Again, these issues virtually shout from the page to be considered, but Krueger’s not interested.
Lunsford of course went to court immediately to stop the bogus guardianship in its tracks. But, as we see as a matter of course in child custody cases, temporary orders have a way of becoming permanent. They create “facts on the ground” that courts are loath to overturn later. And so it was here. So intent was the judge on wresting children from their father that he simply ignored the law and ordered the guardianship made permanent.
In August 2012, and after several delays caused by the recusal or excusal of several judges, state District Judge Drew Tatum in Portales ordered that the Joneses’ guardianship be made permanent under the Kinship Guardian Act. Tatum did so citing “extraordinary circumstances,” even though the boys had not resided with the Joneses for 90 days before the petition was filed, nor was the boys’ father unwilling or unable to care for them – both required under the Guardianship Act.
The law. It can sure be an inconvenience. So, when the New Mexico Guardianship Act required certain things to be proven that weren’t and in fact couldn’t be, Judge Tatum just ignored the law in order to get to his preferred result – that a fit father not have custody of his children.

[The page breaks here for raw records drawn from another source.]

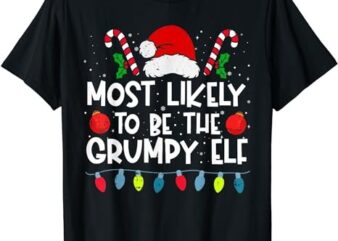 Most Likely To Be The Grumpy Elf Family Crew Christmas T-Shirt png file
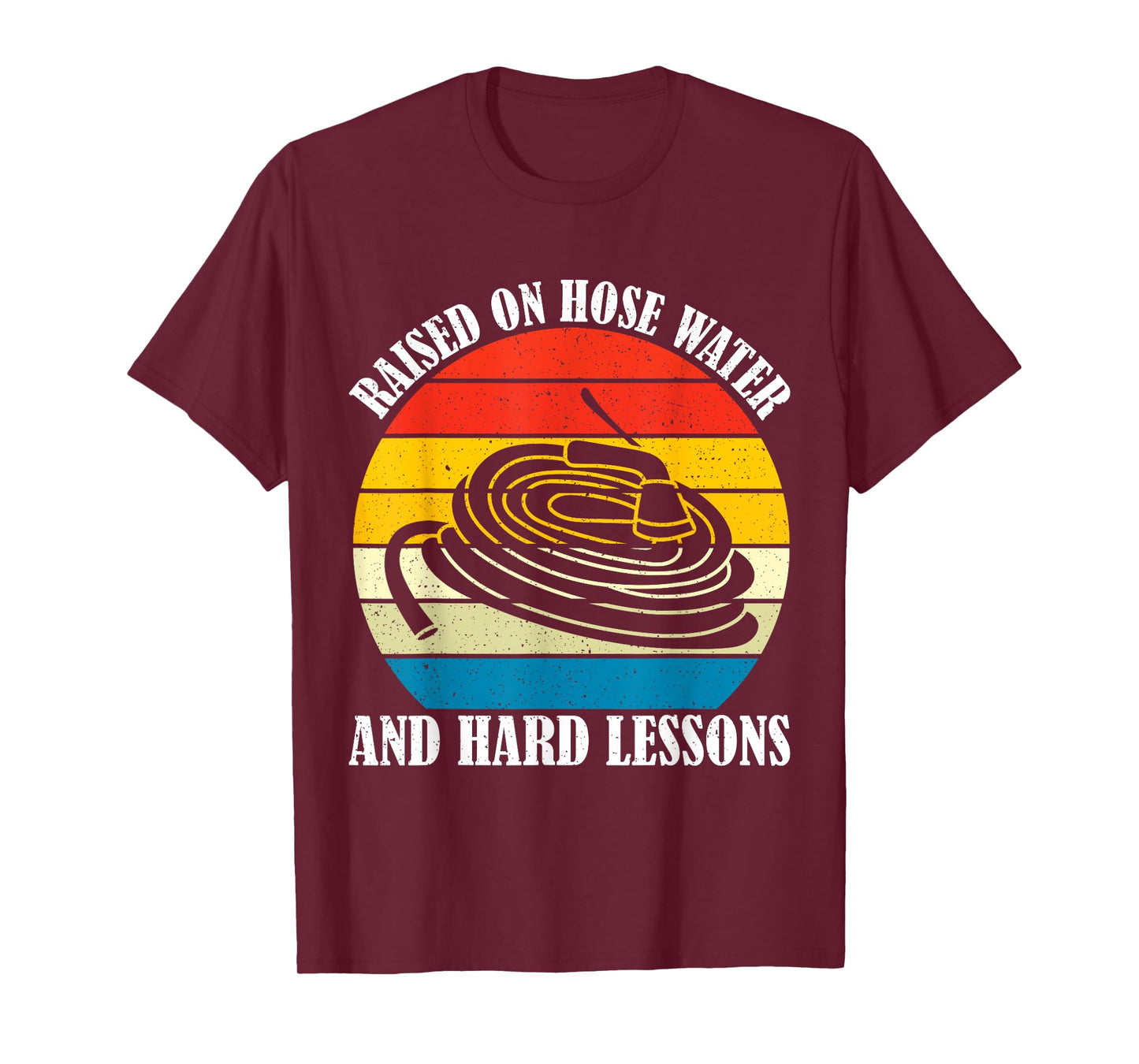 Raised On Hose Water and Hard Lessons Funny Humorous Saying T-Shirt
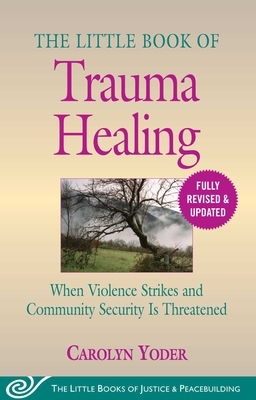 The Little Book of Trauma Healing: When Violence Strikes and Community Security Is Threatened (Revised & Updated) by Carolyn Yoder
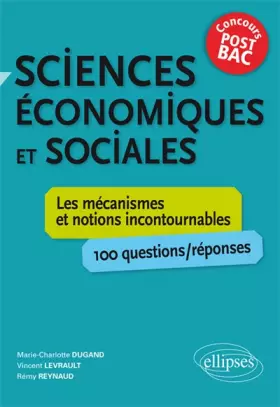 Couverture du produit · Sciences Économiques et Sociales les Mécanismes et Notions Incontournables Concours Post-Bac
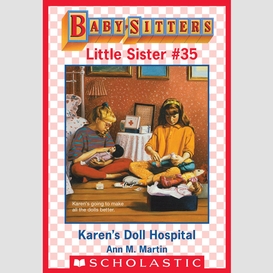 Karen's doll hospital (baby-sitters little sister #35)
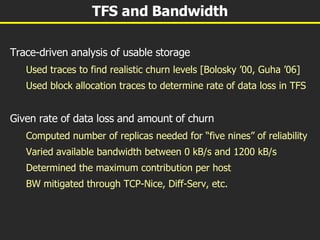 TFS and Bandwidth Trace-driven analysis of usable storage Used traces to find realistic churn levels [Bolosky ’00, Guha ’06] Used block allocation traces to determine rate of data loss in TFS Given rate of data loss and amount of churn Computed number of replicas needed for “five nines” of reliability Varied available bandwidth between 0 kB/s and 1200 kB/s Determined the maximum contribution per host BW mitigated through TCP-Nice, Diff-Serv, etc. 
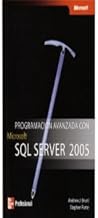Programacion avanzada con SQL Server 2005/ Advance Programming with SQL Server 2005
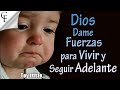 Dios DAME FUERZAS para vivir y seguir adelante...!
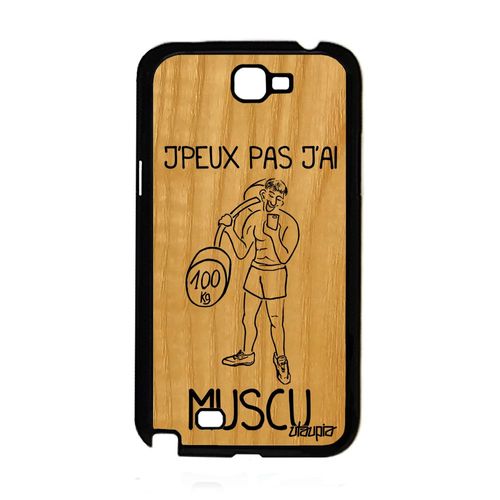 Coque Samsung Galaxy Note 2 En Bois Silicone J'peux Pas J'ai Muscu Texte Solide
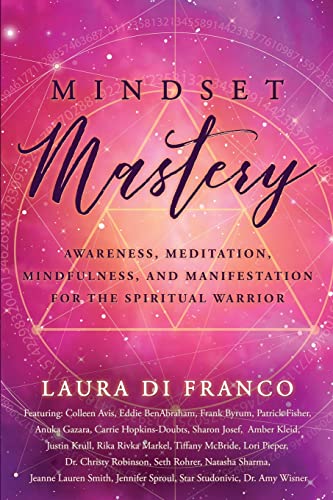 Mindset Mastery: Awareness, Meditation, Mindfulness, and Manifestation for the Spiritual Warrior
Mindset Mastery: Awareness, Meditation, Mindfulness, and Manifestation for the Spiritual Warrior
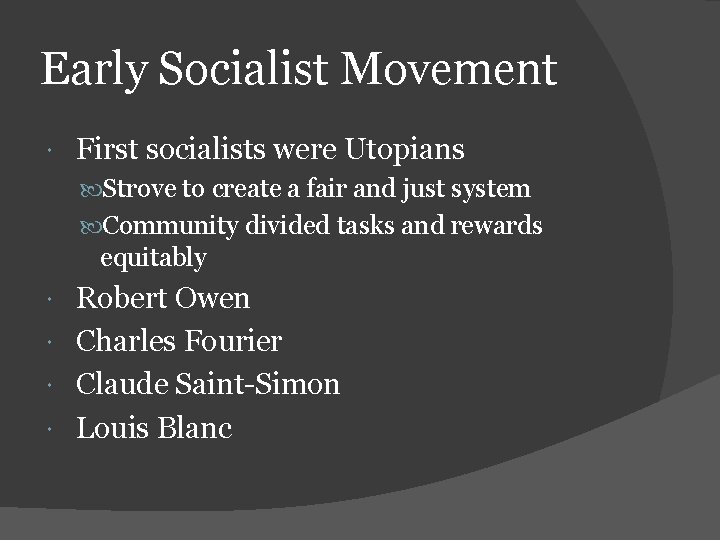Early Socialist Movement First socialists were Utopians Strove to create a fair and just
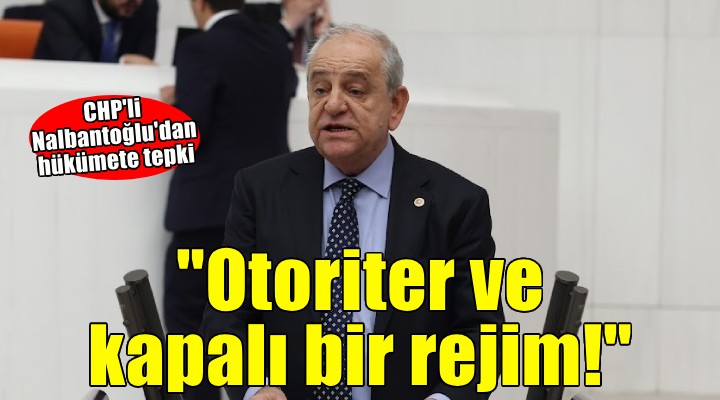 CHP'li Nalbantoğlu: 12 Eylül darbecileri ülkeye bunlar kadar zarar vermedi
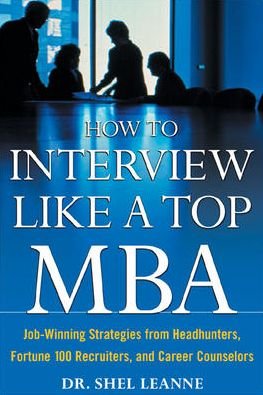 Cover for Shel Leanne · How to Interview Like a Top MBA: Job-Winning Strategies From Headhunters, Fortune 100 Recruiters, and Career Counselors (Paperback Book) [Ed edition] (2004)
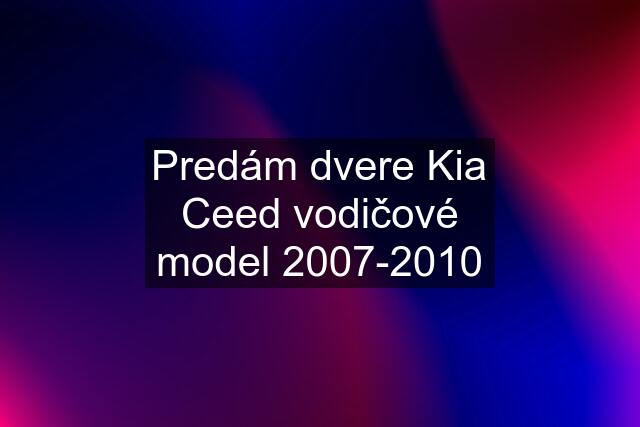 Predám dvere Kia Ceed vodičové model 2007-2010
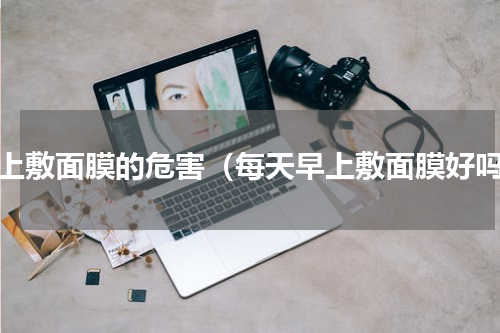 早上敷面膜的危害（每天早上敷面膜好吗）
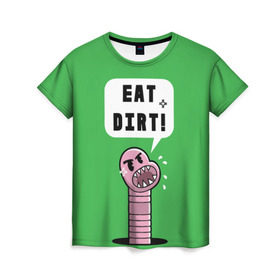 Женская футболка 3D с принтом Ешь грязь! в Тюмени, 100% полиэфир ( синтетическое хлопкоподобное полотно) | прямой крой, круглый вырез горловины, длина до линии бедер | eat dirt | грозный | грязь | жри | землю | мультяшка | насекомое | пасть | червь | червяк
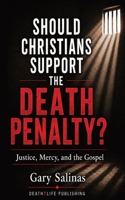 SHOULD CHRISTIANS SUPPORT THE DEATH PENALTY?: Justice, Mercy, and the Gospel B0GZBQRCSP Book Cover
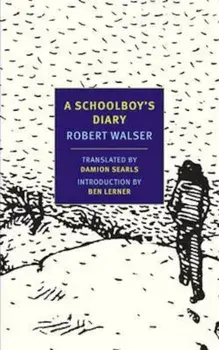 Schoolboy's Diary, Paperback/Robert Walser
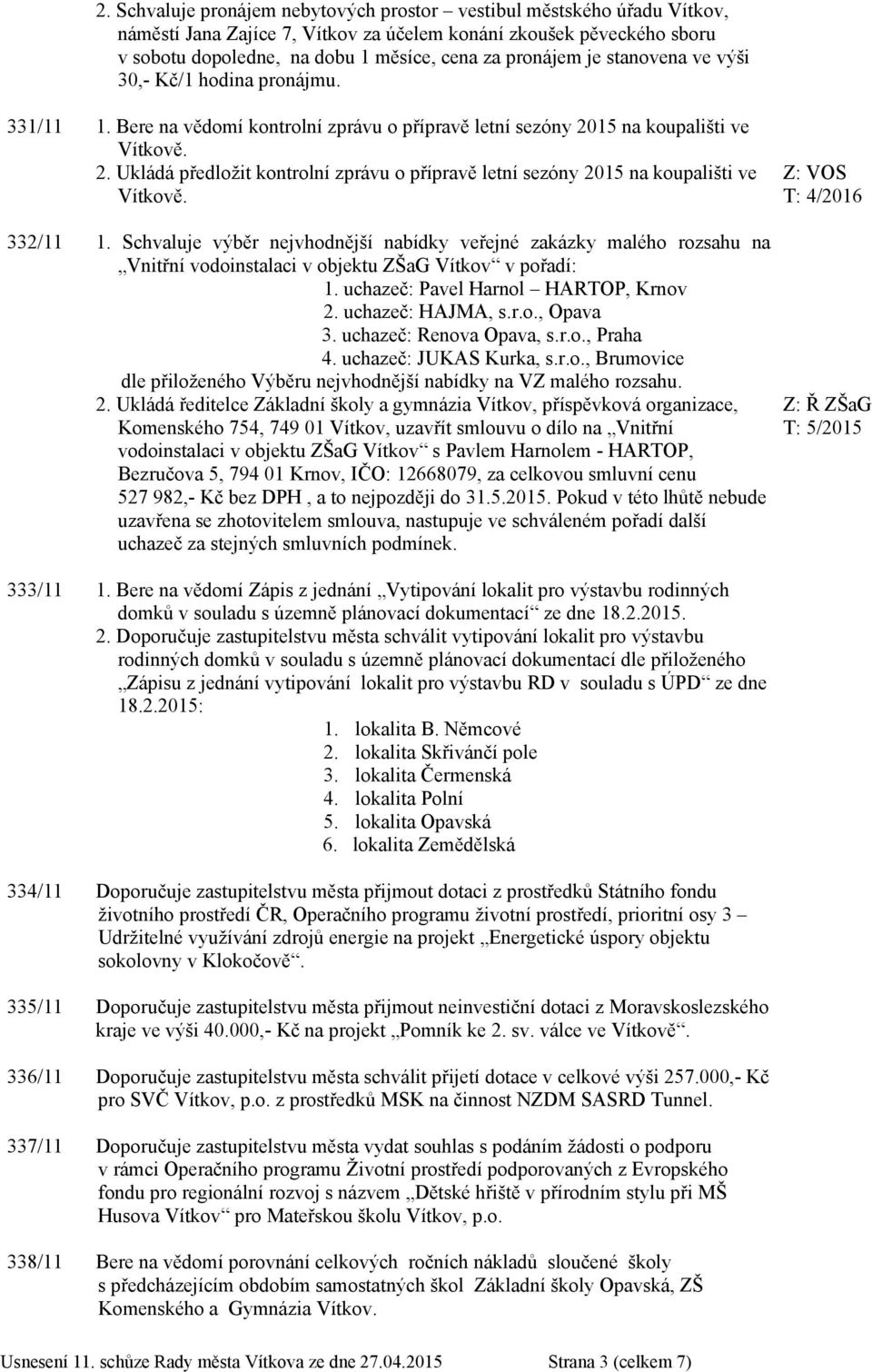15 na koupališti ve Vítkově. 2. Ukládá předložit kontrolní zprávu o přípravě letní sezóny 2015 na koupališti ve Vítkově. 332/11 1.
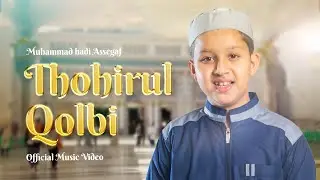 Muhammad Hadi Assegaf - Thohirul Qolbi (Official Music Video)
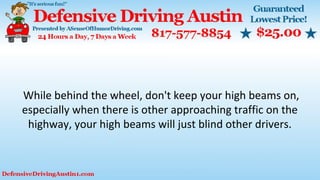 While behind the wheel, don't keep your high beams on,
especially when there is other approaching traffic on the
highway, your high beams will just blind other drivers.
 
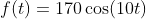 f(t) = 170 cos(100)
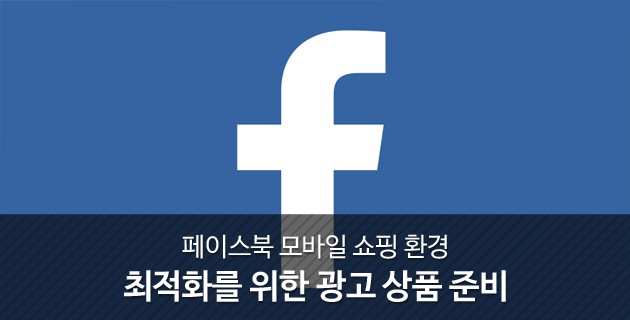 페이스북 광고, 모바일 쇼핑 환경 최적화를 위한 광고 상품 준비 15 tistory 405 2624A33B56284ECC27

He did so citing the fact that Adam and Adrian were doing well in Grady and wanted to remain there. Those would have been appropriate considerations in a custody hearing, but that’s not what this was. Custody cases involve two parents who enter the fray with equal rights to their kids. In that situation, courts consider the child’s best interests and, if the child is old enough, his/her wishes in the matter.
But this was not a custody hearing and the two parties were not on equal footings regarding the custody of the children. Lunsford is their father; the Joneses legally are strangers to the whole affair.
Fortunately, a New Mexico appellate court and the state Supreme Court had judges who can read.
Last November, nearly two years after the custody battle had begun – and while the boys continued to live with the Joneses and visit their father – the state Court of Appeals reversed the District Court order, thus dissolving the Joneses’ guardianship. In February, the state Supreme Court chose not to hear the case, meaning the appellate decision stands.
So in the end, the right thing was done, even if it did take two years of legal wrangling that should never have occurred. During that time, it seems Lunsford’s once-good relationships with his sons went south. Krueger admits as much but seems to think Lunsford should have just rolled over and allowed the Jones’s plainly illegal bid for the children to go forward uncontested.
But Lunsford did the right thing and he’s to be commended for it. The wrongdoers in this whole sorry affair are the Joneses who never had a legal leg to stand on and their lawyer who should have told them so. And of course there’s Judge Tatum who should have known the simple black-letter law and abided by it.
Plus, there’s Krueger who, apparently to this day, has never grasped what really happened in the case about which she wrote.
Ms. Krueger, this is a case about how easy it is to deprive a fit father of his children. See? Even people with no possible legal claim can do it.